Mientras los dos jóvenes se alejaban, Lydia levantó los brazos para soltarse las cuerdas de la máscara y dijo:
—No creo que tú seas la maravillosa sorpresa que me había prometido Thomas, Ned. Me pregunto qué sería.
—No te quites la máscara —le ordenó Ned con tono severo—. ¿Cuántos de los asistentes saben que estabas allí?
— Pues… ninguno —respondió ella con la voz entrecortada—. Al menos, yo no le he revelado mi identidad a nadie, aunque puede que me haya reconocido alguien.
—Esperemos que no —dijo él con tono grave.
Ya habían caminado un trecho en dirección al pasadizo abovedado cuando Maggie recordó su conversación anterior con Lydia y dijo:
—Espero que no culpe a su barquero de esto, Rothwell.
—Lo cierto es que sí que le culpo —respondió con actitud intransigente.
Lydia se apresuró a añadir:
—Pues no deberías, Ned. Nos ha traído completamente obligado por mí y por ello sería despiadadamente injusto culparle a él. Castígame a mí si así lo deseas, pero por favor, no castigues a Oliver.
—Le advertí que las únicas órdenes que tenía que acatar eran las mías.
Maggie dijo en tono calmado:
—He de confesarle que yo estaba decidida a venir aquí esta noche, señor, y si Oliver no hubiese aceptado acompañarnos, lo más probable es que hubiésemos alquilado un medio de transporte público. Así que supongo que estábamos más seguras en sus manos.
Rothwell callaba y aunque Maggie estaba segura de que su defensa del barquero únicamente había servido para agravar sus problemas con el conde, no lamentaba haber hablado. No quería que Oliver sufriese injustamente por haberla ayudado.

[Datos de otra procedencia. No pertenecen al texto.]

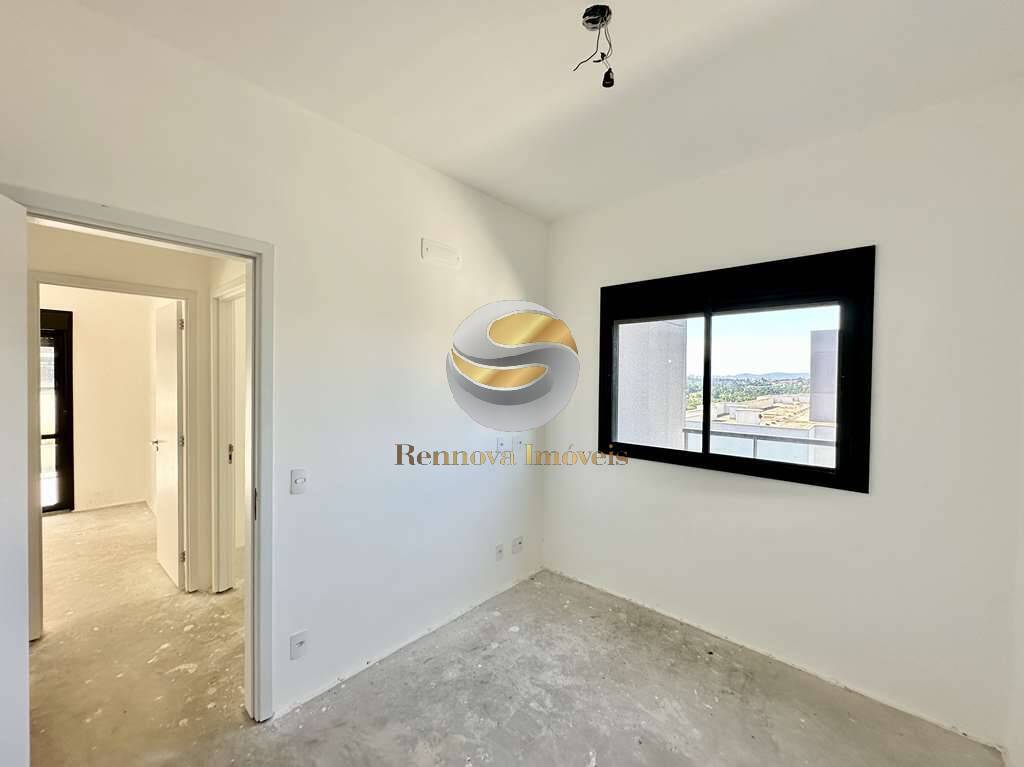 Apartamento, 3 quartos, 139 m² - Foto 28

Si bien no había mucha distancia entre la escalinata de Essex y la casa de la familia Rothwell, la corriente bajaba con fuerza, por lo que Rothwell contrató a un segundo hombre para que ayudase a Oliver a remar de entre los muchos que ofrecían sus servicios a lo largo del río para dicha tarea. Finalmente, se quitaron las máscaras, sin embargo, en presencia del segundo remero no se mencionó ni una palabra sobre el incidente, y Maggie agradeció el silencio de Rothwell. Albergaba la esperanza de que el fresco aire de la noche y el relajante sonido que producía el agua al chocar contra la barca ayudasen a calmar su furia antes de que ella tuviese que vérselas con él. Y acaso surtieron un efecto tranquilizador, mas éste se disipó en el momento en que tomaron la curva del río y escucharon un coro de voces masculinas que cantaban en tono cada vez más fuerte y de forma enérgica, aunque desafinando, acompañados por instrumentos de cuerda.

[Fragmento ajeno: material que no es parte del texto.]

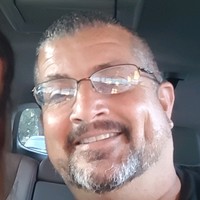 Mike Slagle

—¿Qué demonios es eso? —preguntó Rothwell.
—¡Caramba! Tiene que ser la sorpresa de Thomas —respondió Lydia mientras intercambiaba una mirada de consternación con Maggie—. Debe haberlos contratado para que me ronden. Estoy segura de que tú te enojarás, Ned, pero es maravillosamente romántico por su parte, ¡eso no lo puedes negar!

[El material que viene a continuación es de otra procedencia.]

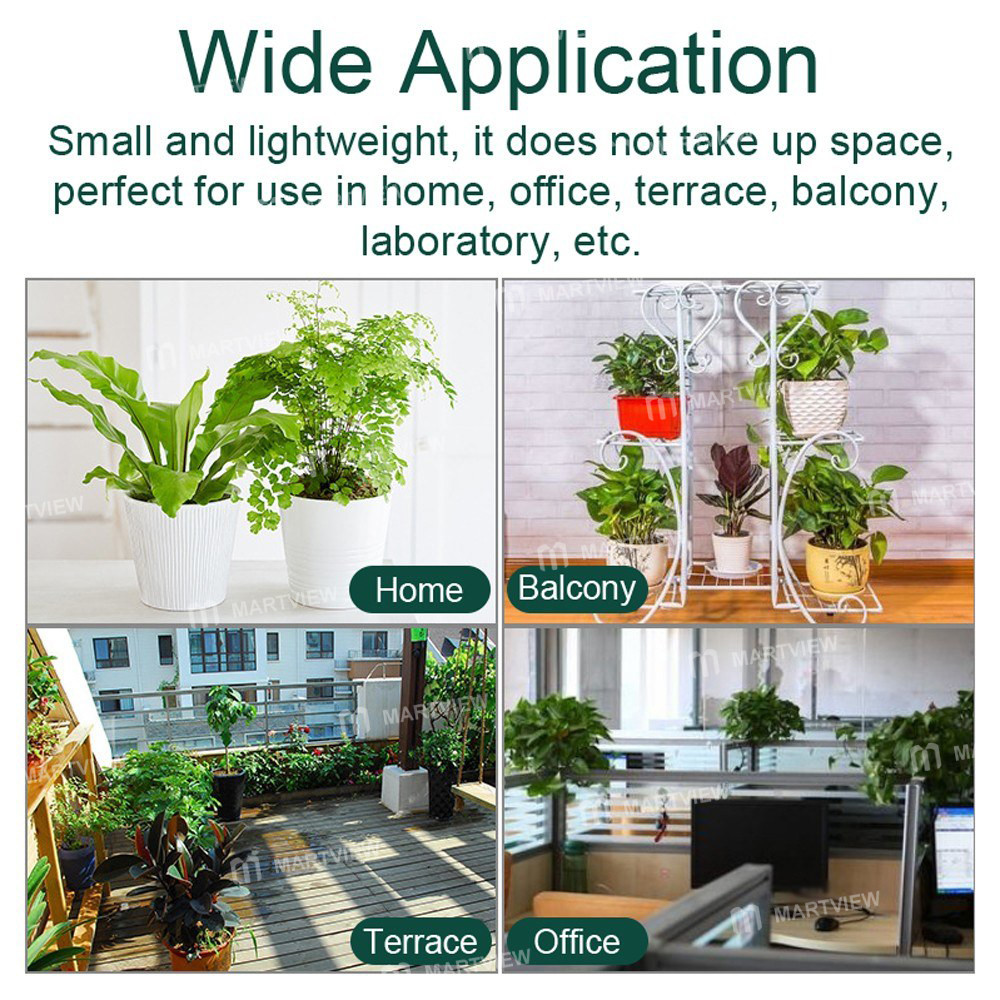 timed waterer-automatic-watering-system-08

Maggie hubiese jurado que había oído gruñir a Rothwell, sin embargo, este no dijo nada más sobre la tuna, mientras los muchachos flotaban sobre su propia barca hacia la escalinata de Rothwell y Richmond. En la casa de la familia Rothwell, el conde pagó primero al remero que había contratado, quien se marchó en una barca pública y entonces se dirigió a Oliver:
—Mañana hablaremos de esto. Ahora puedes irte a dormir.
El joven muchacho aceptó su autorización para retirarse con cauteloso agradecimiento y se marchó a guardar la barca para la noche. En silencio, Rothwell lideraba el camino hacia la verja, la abrió e hizo un gesto a Lydia y Maggie para que pasasen delante de él. Al notar que Lydia dudaba, mientras lanzaba una última mirada nostálgica a los muchachos de la rondalla, Maggie la cogió por el brazo y le pidió con insistencia que subiese las escaleras.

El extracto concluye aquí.